EXERCISE: Below are records with pictures. Transcribe exactly, and only, the lines from the line with "Hi, everyone. Here" to the line with "These early steps", both ends included, but not the pictures.
═══ DATASET EXCERPTS
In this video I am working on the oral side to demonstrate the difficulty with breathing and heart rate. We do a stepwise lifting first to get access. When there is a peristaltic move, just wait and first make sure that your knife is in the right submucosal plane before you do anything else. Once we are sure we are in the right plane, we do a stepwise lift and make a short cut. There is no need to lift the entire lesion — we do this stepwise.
══════
═══ DATASET EXCERPTS
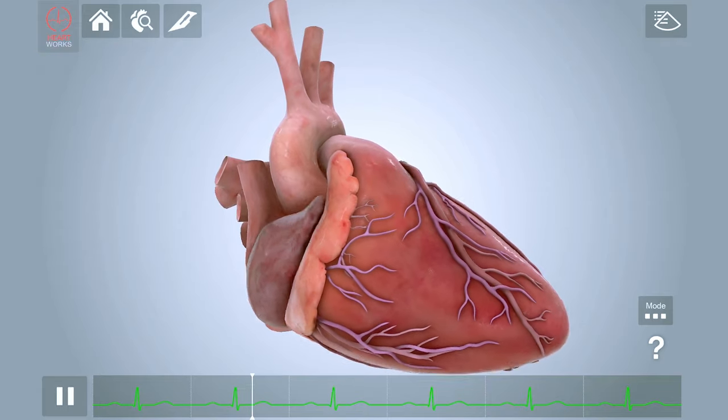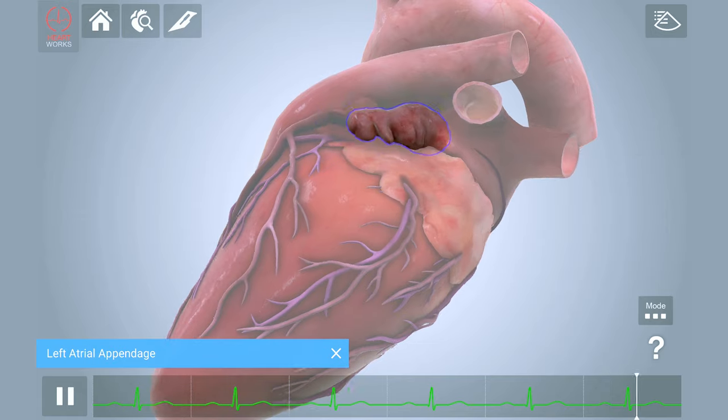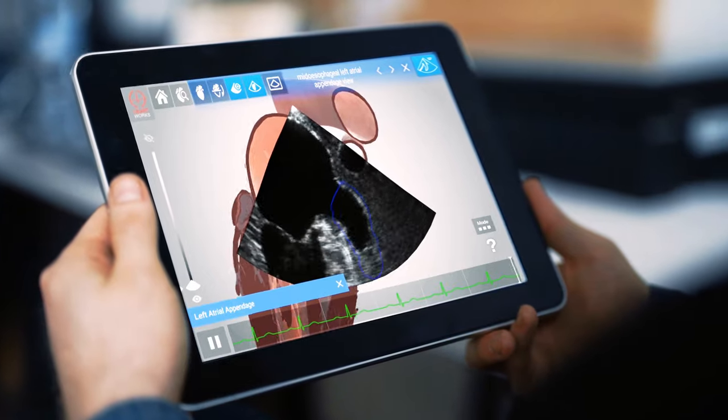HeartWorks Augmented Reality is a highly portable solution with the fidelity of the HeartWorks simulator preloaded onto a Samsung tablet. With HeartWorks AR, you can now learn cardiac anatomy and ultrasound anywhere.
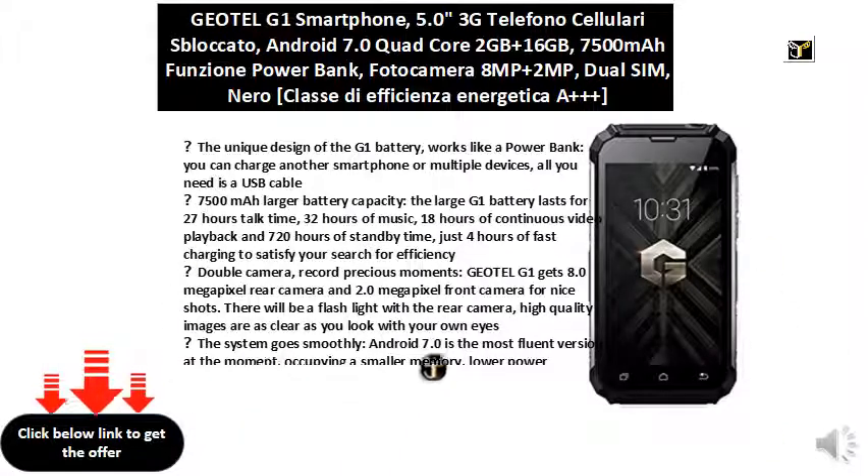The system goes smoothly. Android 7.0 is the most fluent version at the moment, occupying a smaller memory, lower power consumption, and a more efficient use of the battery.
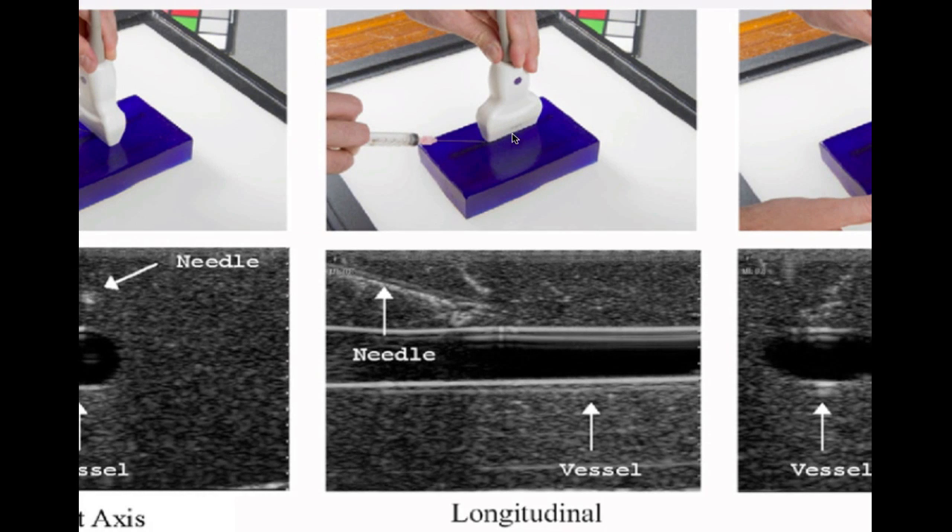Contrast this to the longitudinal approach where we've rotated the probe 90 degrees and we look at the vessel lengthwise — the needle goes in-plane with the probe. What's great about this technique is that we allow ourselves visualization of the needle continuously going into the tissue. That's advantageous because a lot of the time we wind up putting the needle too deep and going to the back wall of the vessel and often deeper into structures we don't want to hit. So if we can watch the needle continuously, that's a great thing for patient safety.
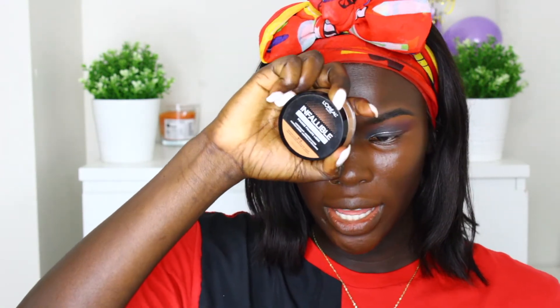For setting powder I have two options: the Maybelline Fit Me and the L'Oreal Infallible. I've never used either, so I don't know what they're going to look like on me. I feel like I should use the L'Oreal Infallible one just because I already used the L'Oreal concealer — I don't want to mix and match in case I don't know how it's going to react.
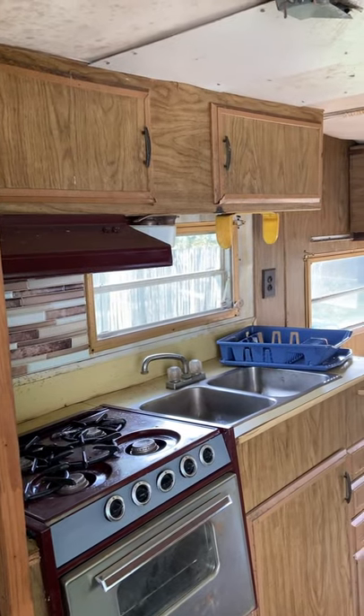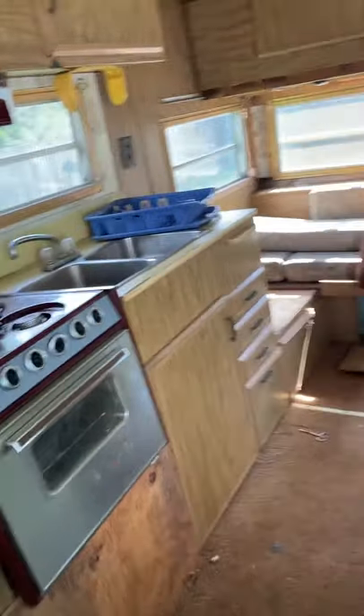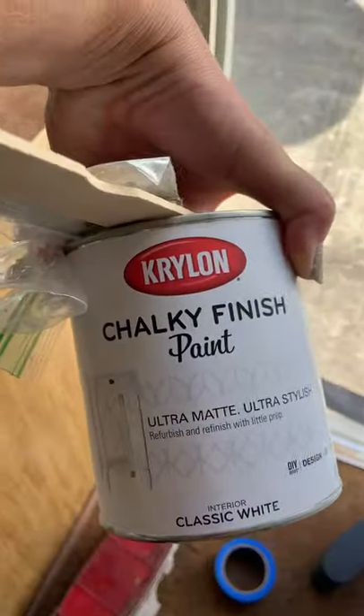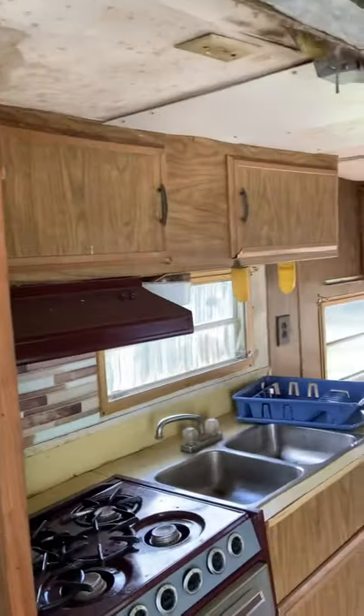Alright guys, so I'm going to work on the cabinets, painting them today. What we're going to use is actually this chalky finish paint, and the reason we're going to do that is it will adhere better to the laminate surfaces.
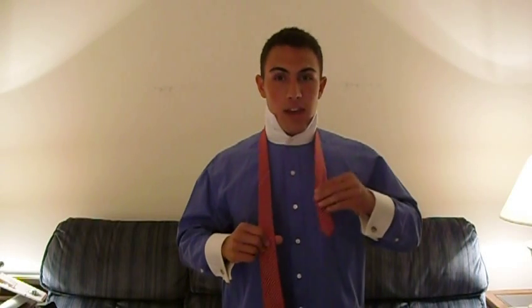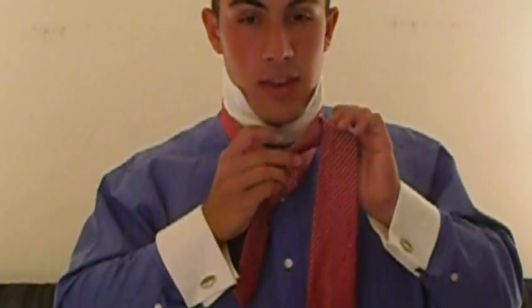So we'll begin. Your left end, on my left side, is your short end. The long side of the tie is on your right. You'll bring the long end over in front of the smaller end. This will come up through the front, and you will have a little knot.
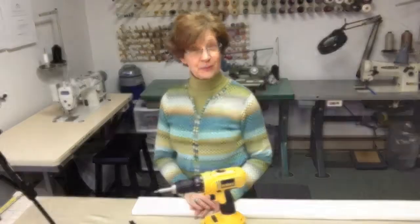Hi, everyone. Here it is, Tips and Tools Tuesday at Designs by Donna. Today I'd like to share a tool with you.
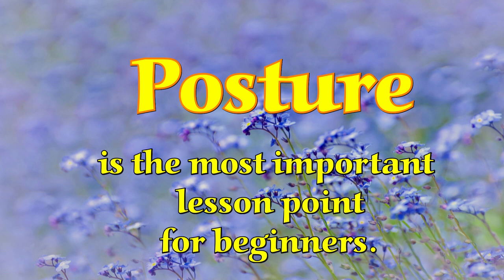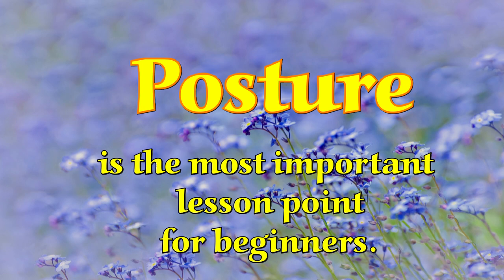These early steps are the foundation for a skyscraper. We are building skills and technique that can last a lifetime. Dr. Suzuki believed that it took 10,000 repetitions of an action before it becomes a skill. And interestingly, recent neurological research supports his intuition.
══════
YOUR RESPONSE:
Hi, everyone. Here it is, Tips and Tools Tuesday at Designs by Donna. Today I'd like to share a tool with you.
These early steps are the foundation for a skyscraper. We are building skills and technique that can last a lifetime. Dr. Suzuki believed that it took 10,000 repetitions of an action before it becomes a skill. And interestingly, recent neurological research supports his intuition.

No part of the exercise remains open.